◆ Extracted material
————————
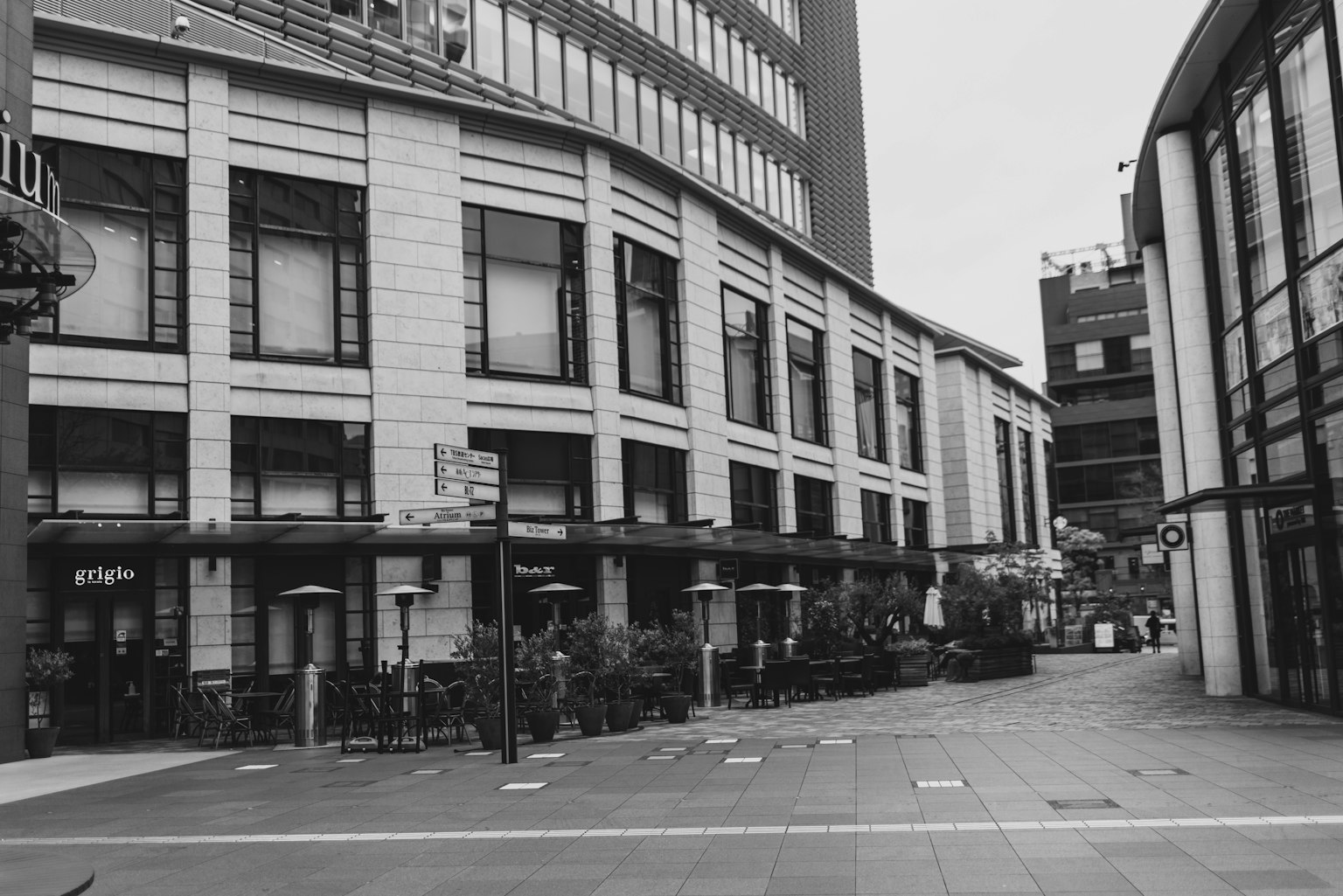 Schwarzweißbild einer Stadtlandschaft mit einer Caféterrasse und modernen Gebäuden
————————
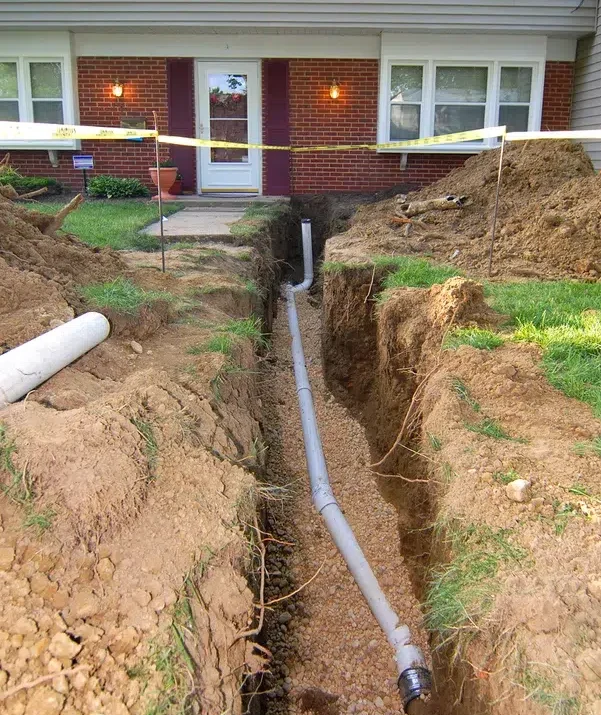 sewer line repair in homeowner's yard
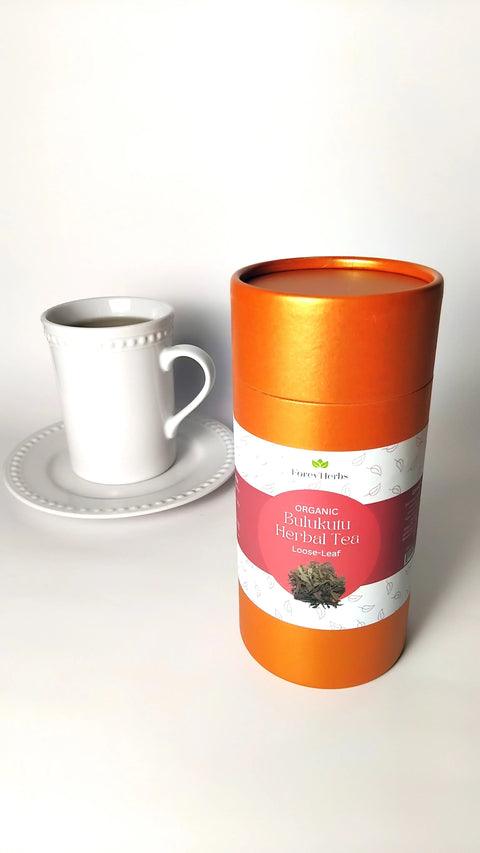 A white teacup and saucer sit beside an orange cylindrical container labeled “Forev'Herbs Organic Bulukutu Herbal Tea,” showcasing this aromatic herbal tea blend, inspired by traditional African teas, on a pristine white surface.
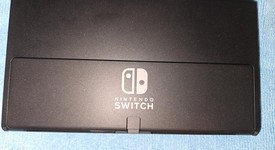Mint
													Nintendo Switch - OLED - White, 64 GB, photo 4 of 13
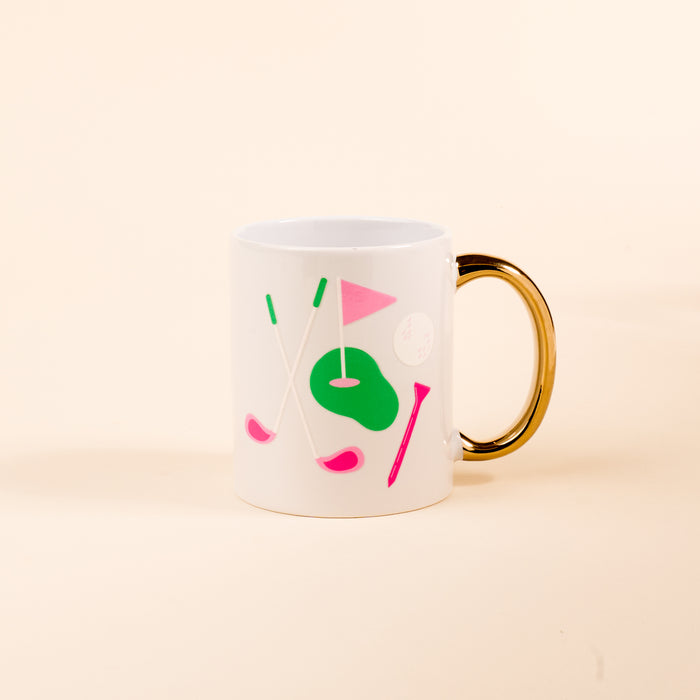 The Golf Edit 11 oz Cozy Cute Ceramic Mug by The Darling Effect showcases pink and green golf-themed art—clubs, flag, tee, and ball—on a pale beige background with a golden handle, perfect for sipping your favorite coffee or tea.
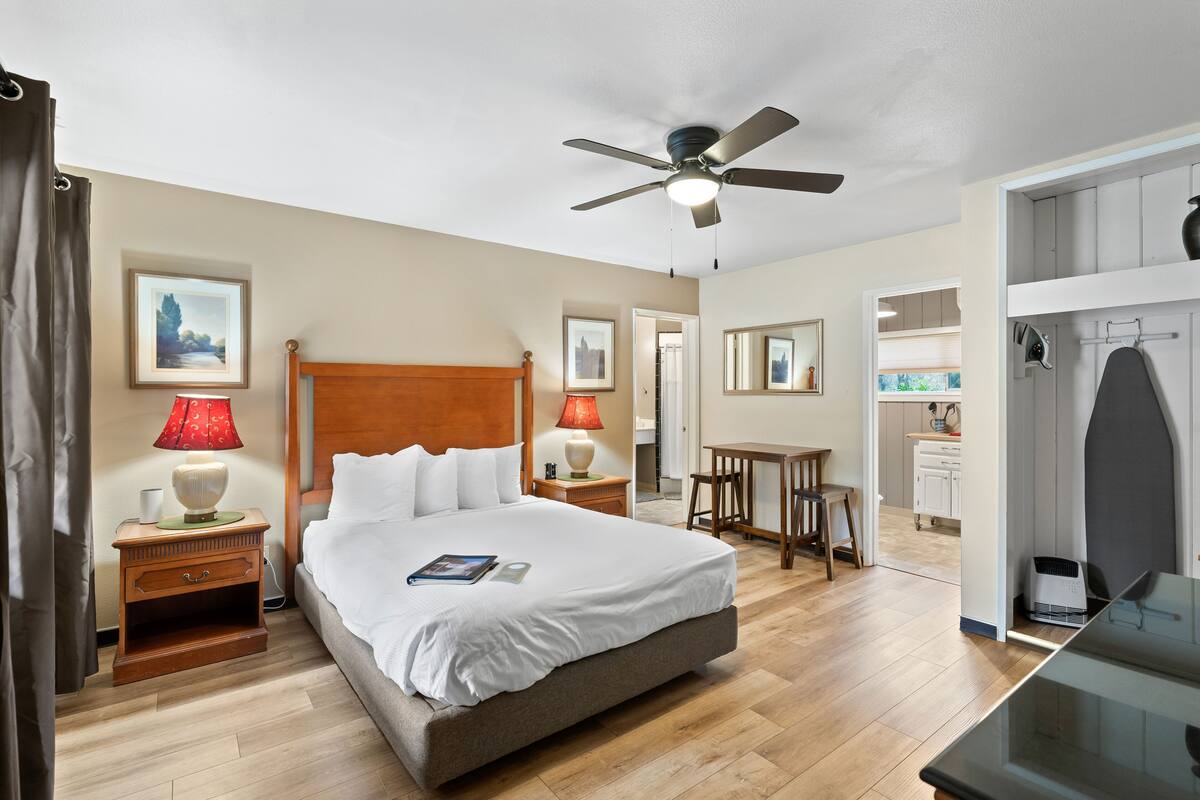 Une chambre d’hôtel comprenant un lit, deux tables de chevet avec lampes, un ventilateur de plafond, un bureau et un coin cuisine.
————————
Keep to the lines above from the line with "sewer line repair in homeowner's yard" to the line with "Une chambre d’hôtel", and set down exactly those, inclusive, with nothing else and every picture left out.

 sewer line repair in homeowner's yard
 A white teacup and saucer sit beside an orange cylindrical container labeled “Forev'Herbs Organic Bulukutu Herbal Tea,” showcasing this aromatic herbal tea blend, inspired by traditional African teas, on a pristine white surface.
Mint
													Nintendo Switch - OLED - White, 64 GB, photo 4 of 13
 The Golf Edit 11 oz Cozy Cute Ceramic Mug by The Darling Effect showcases pink and green golf-themed art—clubs, flag, tee, and ball—on a pale beige background with a golden handle, perfect for sipping your favorite coffee or tea.
 Une chambre d’hôtel comprenant un lit, deux tables de chevet avec lampes, un ventilateur de plafond, un bureau et un coin cuisine.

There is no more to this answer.